I highly recommend it for those curious about Buffet




Sum it up for us.


The high stock price directly signals the power of compounding. If you split it down to $10 per share the lesson of buying and holding is lost.


"[S]ignals the power of compounding" -- only to unsophisticated (frequently, retail) investors. Institutional investors always have historical data that is split-, and even dividend-, adjusted. If I had to guess, refusing to split is like a form of virtue signalling, nothing more. When I was a kid, IBM usually had a high stock price, over 100 USD. I never understood why; nor did my father, a stock broker.


Not really? Everyone would look at the split adjusted price for the past?


I know plenty of people who dont understand that 100 $1 stocks is the same as 1 $100 stock


It’s not the same. Depends on total shares.

No one likes messing with stuff that’s never gonna move, doesn’t matter if it’s $1 of $100, it might as well not even be an investment opportunity.

The returns on these high priced and low volume stocks will always be shit.


nope, the lower number tricks your mind.


How is the lesson lost?

Don't you own the same amount after the split?

Isn't the total value of compounding the same after x year?

I feel like I am either missing something big or Buffett just has one of those "I'm gonna do it my way b/c" things here.

And since I am a fool with finance I must be missing something big :)


"Unsophisticated" investors see the big number and the price history (which is much simpler without splits) and see the power of compounding plainly. There's not much more to it than that.

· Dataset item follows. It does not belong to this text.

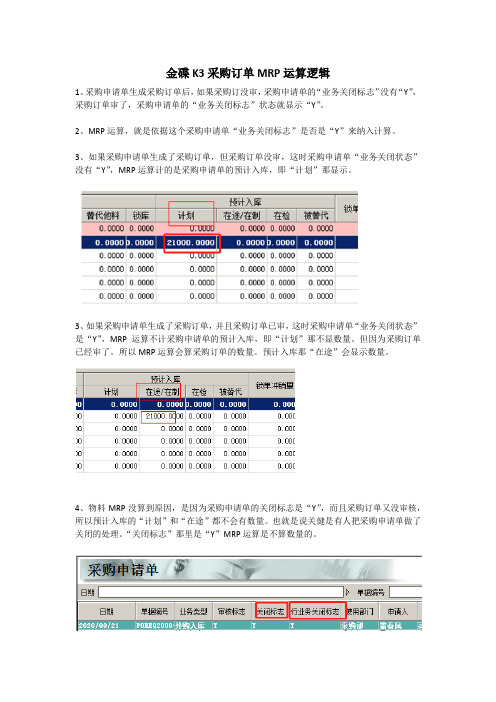 金碟K3采购订单MRP运算逻辑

A common misunderstanding is that if a bunch of investors pool their stocks, they’ll earn more compounding interest on the larger pooled principal than they would individually, or conversely that a stock should not be split or it will earn less interest.

The continuously compounding exponential return formula is P(t) = P0 e^rt

Note that only time enters the argument of the exponent, not the principal. So the returns are invariant to divisions of the principal (ignoring human behavior effects).